[What is expected] Please print exactly the lines below, from the start of the material up to and including the line with "Rusty — thumbnail 4", but none of the pictures.

[Material supplied]
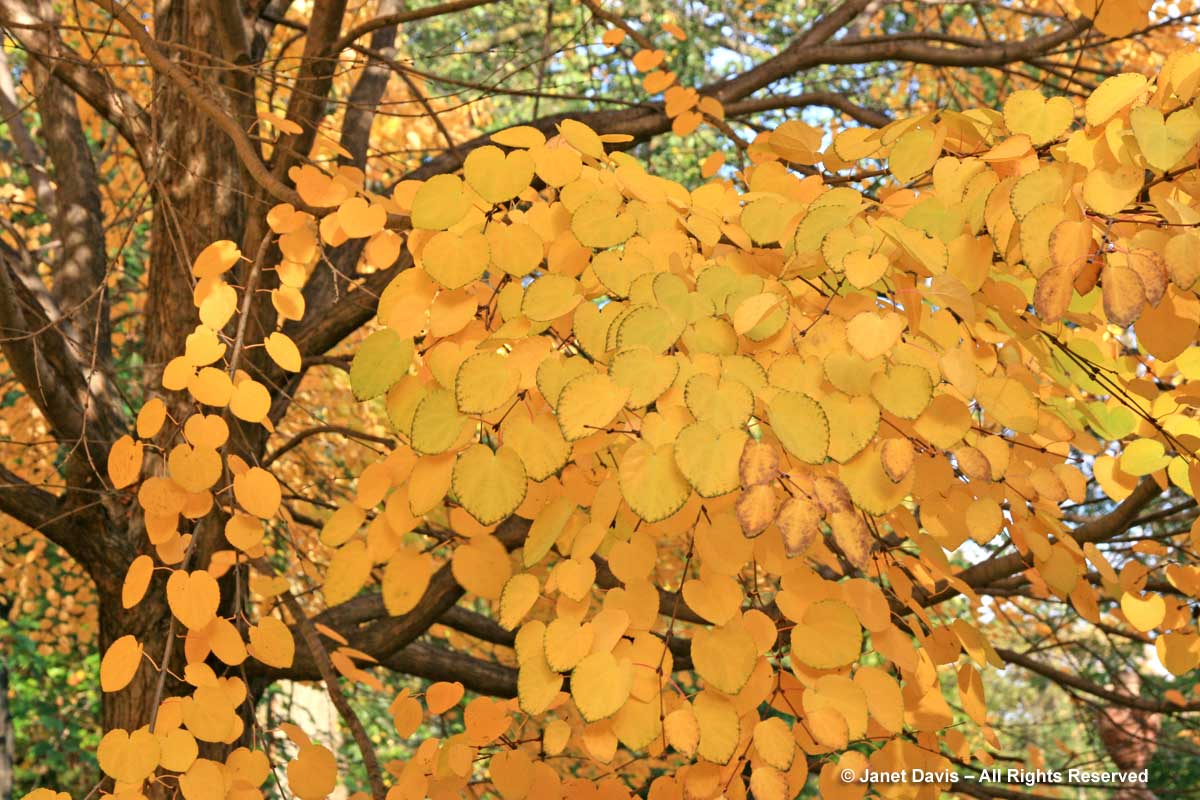 Cercidiphyllum japonicum-Katsura tree leaves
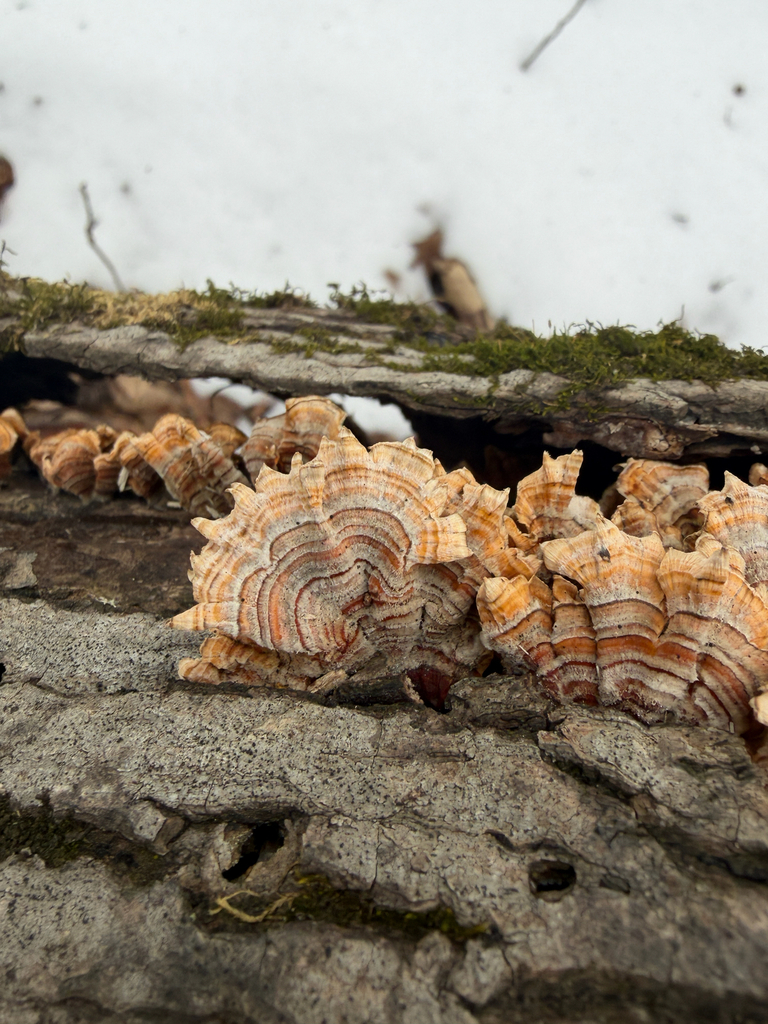 Stereum complicatum · February 2026 · photo: © kefreecomo (iNaturalist, cc-by)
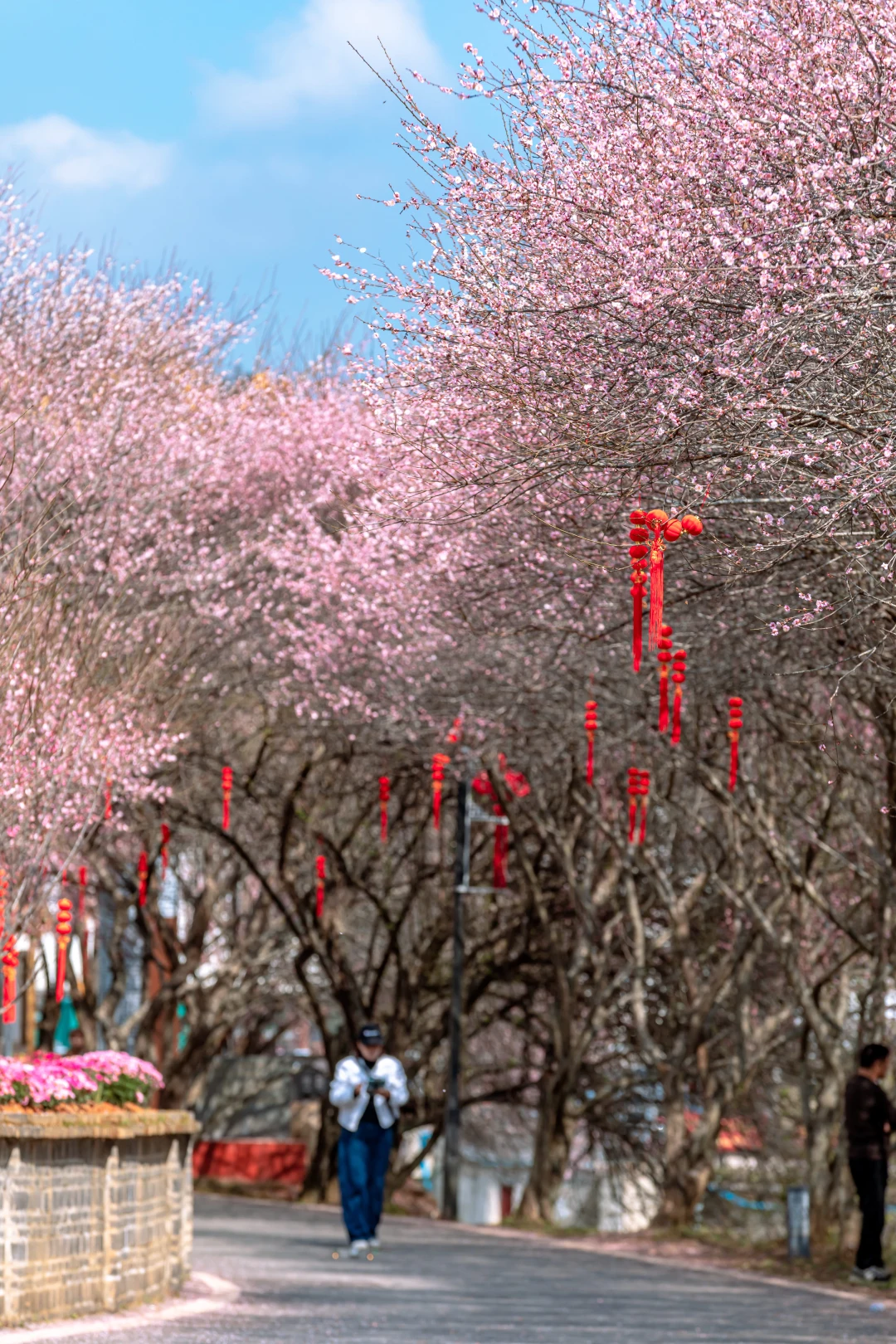 这个古镇的梅花已经开爆……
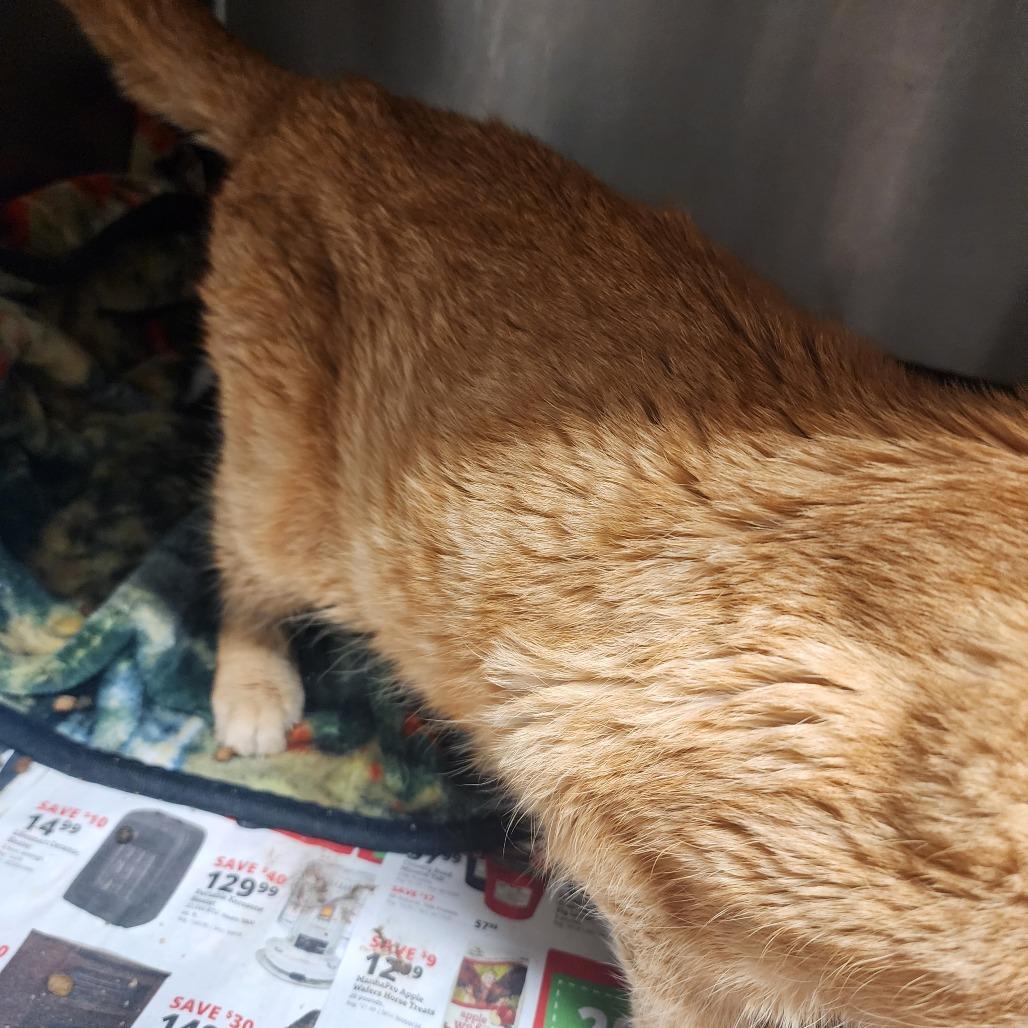 Rusty — thumbnail 4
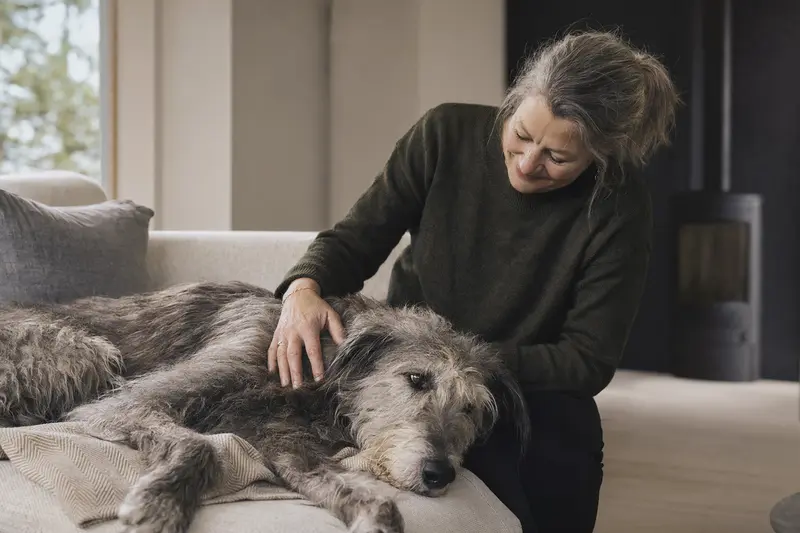 Ein älterer Schottischer Hirschhund liegt entspannt auf einem weichen Sofa, während sein Besitzer ihm liebevoll die Schnauze streichelt.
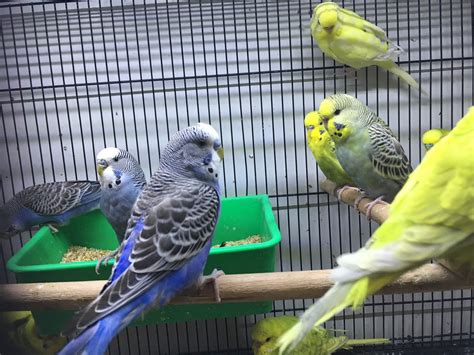 Budgie Melbourne | Baby Budgies All Colours | Budgies for Sale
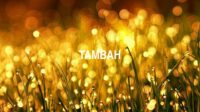 Tambah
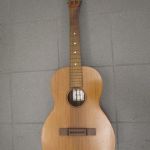 720 1629 Gitarr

[Solution to this task]
 Cercidiphyllum japonicum-Katsura tree leaves
 Stereum complicatum · February 2026 · photo: © kefreecomo (iNaturalist, cc-by)
 这个古镇的梅花已经开爆……
 Rusty — thumbnail 4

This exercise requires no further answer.